*** Opening Input data ***

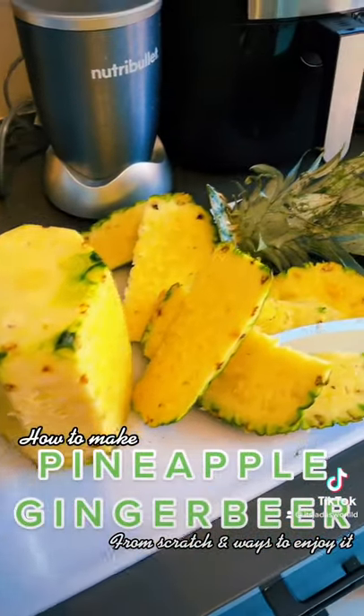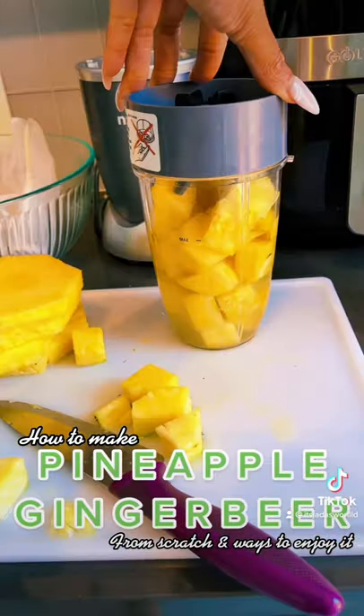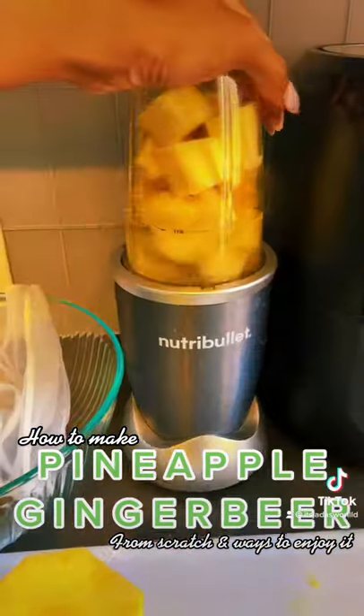What you're going to do is take a pineapple and slice off the skin. You could keep the skin and make pineapple juice later. Dice it down like this. Cut down your ginger and put it in the blender with a couple.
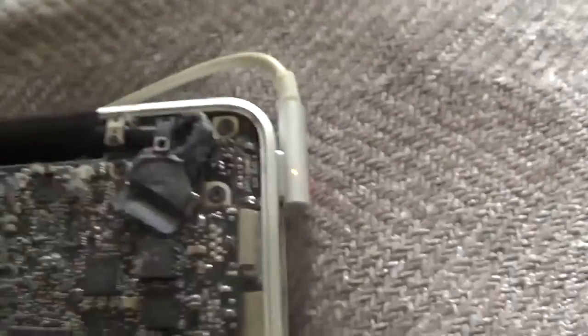It just cut out and this started flicking orange. It's actually fixed now but I just want to show you how I've done it because I couldn't find a good video on YouTube and it's really easy.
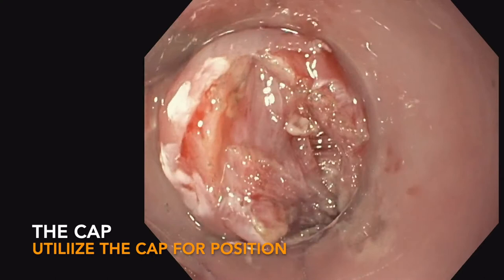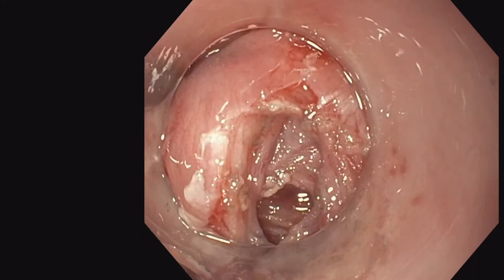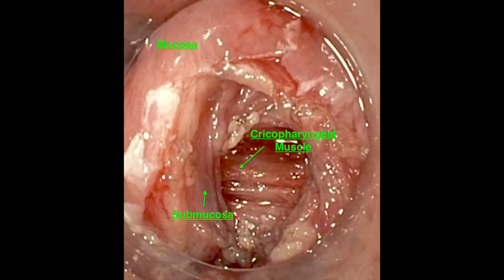Also, utilize the cap. The cap can allow you to separate these layers and provide better visualization, especially to get deep into that cricopharyngeal muscle or down into the base of the Zenker's pocket. Here you can see a very nice clear view of the different layers — the mucosa, the submucosa, and the exposure of the cricopharyngeal muscle.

*** Closing Input data ***

» What to produce: Only the text of the listing should be returned, exactly and in full; no image goes into the copy.

» Final answer:
What you're going to do is take a pineapple and slice off the skin. You could keep the skin and make pineapple juice later. Dice it down like this. Cut down your ginger and put it in the blender with a couple.
It just cut out and this started flicking orange. It's actually fixed now but I just want to show you how I've done it because I couldn't find a good video on YouTube and it's really easy.
Also, utilize the cap. The cap can allow you to separate these layers and provide better visualization, especially to get deep into that cricopharyngeal muscle or down into the base of the Zenker's pocket. Here you can see a very nice clear view of the different layers — the mucosa, the submucosa, and the exposure of the cricopharyngeal muscle.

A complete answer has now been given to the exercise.